(Input data begins)
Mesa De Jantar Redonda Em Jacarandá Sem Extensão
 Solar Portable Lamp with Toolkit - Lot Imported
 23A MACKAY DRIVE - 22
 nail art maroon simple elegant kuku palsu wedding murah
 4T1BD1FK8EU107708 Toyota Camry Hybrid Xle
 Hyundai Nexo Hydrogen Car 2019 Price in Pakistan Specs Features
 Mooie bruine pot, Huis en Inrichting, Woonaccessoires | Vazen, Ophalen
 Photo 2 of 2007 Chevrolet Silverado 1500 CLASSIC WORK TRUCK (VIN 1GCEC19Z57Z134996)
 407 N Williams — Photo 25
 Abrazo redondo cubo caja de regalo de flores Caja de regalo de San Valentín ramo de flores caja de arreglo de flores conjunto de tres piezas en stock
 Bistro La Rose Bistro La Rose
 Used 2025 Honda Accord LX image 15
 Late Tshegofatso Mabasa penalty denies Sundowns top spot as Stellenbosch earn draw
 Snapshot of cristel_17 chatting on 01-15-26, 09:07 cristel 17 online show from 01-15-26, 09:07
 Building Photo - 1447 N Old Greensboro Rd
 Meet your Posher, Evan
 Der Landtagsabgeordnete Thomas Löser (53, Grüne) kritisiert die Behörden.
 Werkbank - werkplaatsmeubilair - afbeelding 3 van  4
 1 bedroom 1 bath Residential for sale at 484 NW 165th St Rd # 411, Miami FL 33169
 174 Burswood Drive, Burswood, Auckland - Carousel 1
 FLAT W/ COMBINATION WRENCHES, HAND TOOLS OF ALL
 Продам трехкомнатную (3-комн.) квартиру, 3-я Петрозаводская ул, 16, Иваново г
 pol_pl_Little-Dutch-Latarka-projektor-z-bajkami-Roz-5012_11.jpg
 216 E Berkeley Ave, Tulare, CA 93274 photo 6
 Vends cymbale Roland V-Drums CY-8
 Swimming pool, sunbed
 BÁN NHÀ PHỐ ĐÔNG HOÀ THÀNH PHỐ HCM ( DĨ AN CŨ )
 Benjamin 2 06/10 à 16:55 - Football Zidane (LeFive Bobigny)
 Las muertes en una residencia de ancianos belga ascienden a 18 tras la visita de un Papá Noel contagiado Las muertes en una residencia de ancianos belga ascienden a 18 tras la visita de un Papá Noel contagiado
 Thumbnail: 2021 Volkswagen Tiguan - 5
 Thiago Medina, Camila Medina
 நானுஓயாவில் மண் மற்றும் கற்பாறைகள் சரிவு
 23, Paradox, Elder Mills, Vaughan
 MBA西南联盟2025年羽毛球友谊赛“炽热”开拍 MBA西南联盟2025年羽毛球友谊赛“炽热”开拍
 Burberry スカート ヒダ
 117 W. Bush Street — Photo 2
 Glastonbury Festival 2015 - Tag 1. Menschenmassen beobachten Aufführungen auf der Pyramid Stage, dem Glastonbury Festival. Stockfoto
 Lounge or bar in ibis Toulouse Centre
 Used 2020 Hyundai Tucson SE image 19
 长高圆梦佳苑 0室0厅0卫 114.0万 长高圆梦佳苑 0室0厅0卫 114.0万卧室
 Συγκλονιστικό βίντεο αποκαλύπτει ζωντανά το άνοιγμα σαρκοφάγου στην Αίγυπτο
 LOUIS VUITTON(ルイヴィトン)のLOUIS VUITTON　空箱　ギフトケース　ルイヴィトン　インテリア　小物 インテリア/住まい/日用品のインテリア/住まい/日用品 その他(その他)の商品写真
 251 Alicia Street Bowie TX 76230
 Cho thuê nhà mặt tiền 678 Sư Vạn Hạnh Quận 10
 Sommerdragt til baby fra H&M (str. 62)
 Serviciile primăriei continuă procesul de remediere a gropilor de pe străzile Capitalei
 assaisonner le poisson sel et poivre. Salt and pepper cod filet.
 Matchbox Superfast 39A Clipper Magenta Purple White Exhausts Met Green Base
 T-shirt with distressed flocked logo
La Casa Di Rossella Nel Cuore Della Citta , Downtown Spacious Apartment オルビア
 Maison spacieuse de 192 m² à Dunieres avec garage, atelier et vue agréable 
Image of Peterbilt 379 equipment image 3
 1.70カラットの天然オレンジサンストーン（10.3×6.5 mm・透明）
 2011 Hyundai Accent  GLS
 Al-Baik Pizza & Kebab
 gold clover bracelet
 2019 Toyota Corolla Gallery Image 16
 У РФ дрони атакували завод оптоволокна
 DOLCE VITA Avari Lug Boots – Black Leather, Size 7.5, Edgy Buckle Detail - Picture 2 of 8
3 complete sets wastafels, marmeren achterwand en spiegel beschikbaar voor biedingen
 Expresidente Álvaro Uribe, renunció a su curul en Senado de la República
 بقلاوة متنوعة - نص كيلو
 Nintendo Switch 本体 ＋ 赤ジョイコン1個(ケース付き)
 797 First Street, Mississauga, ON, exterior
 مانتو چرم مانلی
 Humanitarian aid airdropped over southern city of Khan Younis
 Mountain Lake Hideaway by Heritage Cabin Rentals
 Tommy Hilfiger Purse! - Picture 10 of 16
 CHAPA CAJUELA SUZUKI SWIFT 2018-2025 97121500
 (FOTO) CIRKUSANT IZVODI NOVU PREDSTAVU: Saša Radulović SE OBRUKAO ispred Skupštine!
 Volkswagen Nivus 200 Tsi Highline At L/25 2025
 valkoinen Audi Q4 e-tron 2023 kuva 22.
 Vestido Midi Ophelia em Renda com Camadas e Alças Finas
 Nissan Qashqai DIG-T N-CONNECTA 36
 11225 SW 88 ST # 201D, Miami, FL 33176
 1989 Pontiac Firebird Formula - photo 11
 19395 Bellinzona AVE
(Input data ends)
◆ What you have to do: Give back the listing above exactly as written.

◆ Answer to this exercise:
Mesa De Jantar Redonda Em Jacarandá Sem Extensão
 Solar Portable Lamp with Toolkit - Lot Imported
 23A MACKAY DRIVE - 22
 nail art maroon simple elegant kuku palsu wedding murah
 4T1BD1FK8EU107708 Toyota Camry Hybrid Xle
 Hyundai Nexo Hydrogen Car 2019 Price in Pakistan Specs Features
 Mooie bruine pot, Huis en Inrichting, Woonaccessoires | Vazen, Ophalen
 Photo 2 of 2007 Chevrolet Silverado 1500 CLASSIC WORK TRUCK (VIN 1GCEC19Z57Z134996)
 407 N Williams — Photo 25
 Abrazo redondo cubo caja de regalo de flores Caja de regalo de San Valentín ramo de flores caja de arreglo de flores conjunto de tres piezas en stock
 Bistro La Rose Bistro La Rose
 Used 2025 Honda Accord LX image 15
 Late Tshegofatso Mabasa penalty denies Sundowns top spot as Stellenbosch earn draw
 Snapshot of cristel_17 chatting on 01-15-26, 09:07 cristel 17 online show from 01-15-26, 09:07
 Building Photo - 1447 N Old Greensboro Rd
 Meet your Posher, Evan
 Der Landtagsabgeordnete Thomas Löser (53, Grüne) kritisiert die Behörden.
 Werkbank - werkplaatsmeubilair - afbeelding 3 van  4
 1 bedroom 1 bath Residential for sale at 484 NW 165th St Rd # 411, Miami FL 33169
 174 Burswood Drive, Burswood, Auckland - Carousel 1
 FLAT W/ COMBINATION WRENCHES, HAND TOOLS OF ALL
 Продам трехкомнатную (3-комн.) квартиру, 3-я Петрозаводская ул, 16, Иваново г
 pol_pl_Little-Dutch-Latarka-projektor-z-bajkami-Roz-5012_11.jpg
 216 E Berkeley Ave, Tulare, CA 93274 photo 6
 Vends cymbale Roland V-Drums CY-8
 Swimming pool, sunbed
 BÁN NHÀ PHỐ ĐÔNG HOÀ THÀNH PHỐ HCM ( DĨ AN CŨ )
 Benjamin 2 06/10 à 16:55 - Football Zidane (LeFive Bobigny)
 Las muertes en una residencia de ancianos belga ascienden a 18 tras la visita de un Papá Noel contagiado Las muertes en una residencia de ancianos belga ascienden a 18 tras la visita de un Papá Noel contagiado
 Thumbnail: 2021 Volkswagen Tiguan - 5
 Thiago Medina, Camila Medina
 நானுஓயாவில் மண் மற்றும் கற்பாறைகள் சரிவு
 23, Paradox, Elder Mills, Vaughan
 MBA西南联盟2025年羽毛球友谊赛“炽热”开拍 MBA西南联盟2025年羽毛球友谊赛“炽热”开拍
 Burberry スカート ヒダ
 117 W. Bush Street — Photo 2
 Glastonbury Festival 2015 - Tag 1. Menschenmassen beobachten Aufführungen auf der Pyramid Stage, dem Glastonbury Festival. Stockfoto
 Lounge or bar in ibis Toulouse Centre
 Used 2020 Hyundai Tucson SE image 19
 长高圆梦佳苑 0室0厅0卫 114.0万 长高圆梦佳苑 0室0厅0卫 114.0万卧室
 Συγκλονιστικό βίντεο αποκαλύπτει ζωντανά το άνοιγμα σαρκοφάγου στην Αίγυπτο
 LOUIS VUITTON(ルイヴィトン)のLOUIS VUITTON　空箱　ギフトケース　ルイヴィトン　インテリア　小物 インテリア/住まい/日用品のインテリア/住まい/日用品 その他(その他)の商品写真
 251 Alicia Street Bowie TX 76230
 Cho thuê nhà mặt tiền 678 Sư Vạn Hạnh Quận 10
 Sommerdragt til baby fra H&M (str. 62)
 Serviciile primăriei continuă procesul de remediere a gropilor de pe străzile Capitalei
 assaisonner le poisson sel et poivre. Salt and pepper cod filet.
 Matchbox Superfast 39A Clipper Magenta Purple White Exhausts Met Green Base
 T-shirt with distressed flocked logo
La Casa Di Rossella Nel Cuore Della Citta , Downtown Spacious Apartment オルビア
 Maison spacieuse de 192 m² à Dunieres avec garage, atelier et vue agréable 
Image of Peterbilt 379 equipment image 3
 1.70カラットの天然オレンジサンストーン（10.3×6.5 mm・透明）
 2011 Hyundai Accent  GLS
 Al-Baik Pizza & Kebab
 gold clover bracelet
 2019 Toyota Corolla Gallery Image 16
 У РФ дрони атакували завод оптоволокна
 DOLCE VITA Avari Lug Boots – Black Leather, Size 7.5, Edgy Buckle Detail - Picture 2 of 8
3 complete sets wastafels, marmeren achterwand en spiegel beschikbaar voor biedingen
 Expresidente Álvaro Uribe, renunció a su curul en Senado de la República
 بقلاوة متنوعة - نص كيلو
 Nintendo Switch 本体 ＋ 赤ジョイコン1個(ケース付き)
 797 First Street, Mississauga, ON, exterior
 مانتو چرم مانلی
 Humanitarian aid airdropped over southern city of Khan Younis
 Mountain Lake Hideaway by Heritage Cabin Rentals
 Tommy Hilfiger Purse! - Picture 10 of 16
 CHAPA CAJUELA SUZUKI SWIFT 2018-2025 97121500
 (FOTO) CIRKUSANT IZVODI NOVU PREDSTAVU: Saša Radulović SE OBRUKAO ispred Skupštine!
 Volkswagen Nivus 200 Tsi Highline At L/25 2025
 valkoinen Audi Q4 e-tron 2023 kuva 22.
 Vestido Midi Ophelia em Renda com Camadas e Alças Finas
 Nissan Qashqai DIG-T N-CONNECTA 36
 11225 SW 88 ST # 201D, Miami, FL 33176
 1989 Pontiac Firebird Formula - photo 11
 19395 Bellinzona AVE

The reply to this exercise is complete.